Model Deployment Command Examples
This page is a lightweight cookbook for users who want to run model inference on CGC and need a starting CGC command. These examples are best-effort starting proposals, not guaranteed production sizing. Always check available resources with cgc status, and check generated tokens and URLs with cgc compute list -d.
Use these CGC command templates when someone asks how to run model, deploy model, start model inference, use GPU, use vLLM, use Hugging Face, use a local model, or configure tensor parallel serving.
Example prompts
You can paste questions like these into ASK AI:
Give me a CGC command to run Hugging Face model <MODEL_ID> with vLLM on 1 GPU <GPU_TYPE>.
Give me a CGC command to run <MODEL_ID> with vLLM on <gpu_count> GPUs <GPU_TYPE>.
I have a local model in volume models at /media/models/<MODEL_DIR>. Give me a CGC command for vLLM.
Give me a CGC command to run GGUF model <MODEL_FILE>.gguf with llama.cpp.
I have a Triton model repository volume. Give me the CGC commands to start Triton and mount it.

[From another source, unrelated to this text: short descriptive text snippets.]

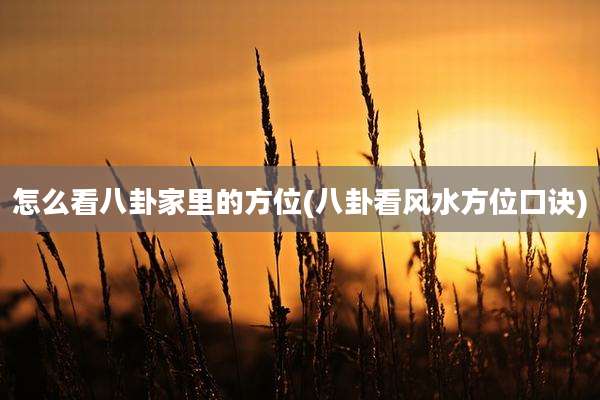 怎么看八卦家里的方位(八卦看风水方位口诀)
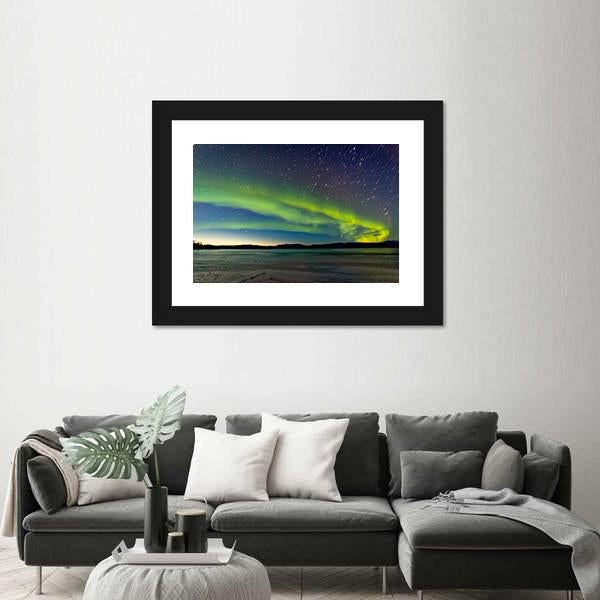 Polar Lights And Morning Dawn On Night Sky Canvas Wall Art-3 Horizontal-Gallery Wrap-25" x 16"-Tiaracle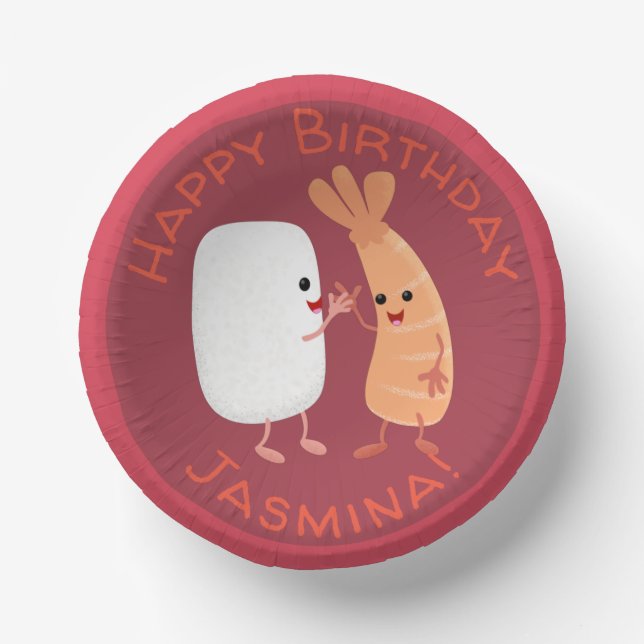 Cute sushi rice prawn friends cartoon paper plate (Front)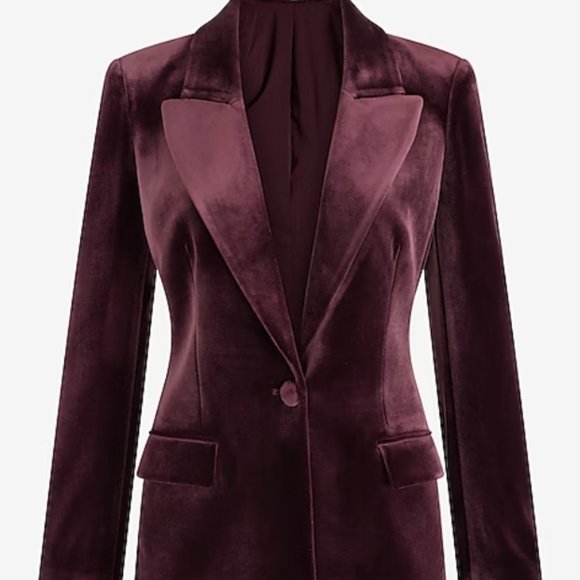 Express Velvet One Button Blazer - Picture 4 of 7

vLLM Hugging Face model on one GPU
Use this template for an LLM available as a Hugging Face model ID. If the model is gated, create a Hugging Face token and pass it with hf_token.
cgc compute create vllm-openai \
-n <name> \
-c 4 \
-m 64 \
-g 1 \
-gt <gpu_type> \
-v models \
-e hf_token=<HF_TOKEN> \
-- --model=<MODEL_ID>
Replace:
<name>with the CGC resource name, for examplellm-server<gpu_type>with a GPU type available in your namespace<MODEL_ID>with a Hugging Face model ID, for exampleorganization/model-name<HF_TOKEN>with your Hugging Face token when the model requires one
If you are not sure whether the GPU type exists in your namespace, run:
cgc status
vLLM Hugging Face model on multiple GPUs
For multi-GPU vLLM serving, set the CGC GPU count and pass the same value to vLLM tensor parallel size.
cgc compute create vllm-openai \
-n <name> \
-c 4 \
-m 64 \
-g <gpu_count> \
-gt <gpu_type> \
-v models \
-e hf_token=<HF_TOKEN> \
-- --model=<MODEL_ID> --tensor-parallel-size <gpu_count>
This is a starting proposal. It does not guarantee that the model fits in VRAM. If startup fails because of memory, choose a smaller model, a quantized model, a GPU with more VRAM, or more GPUs.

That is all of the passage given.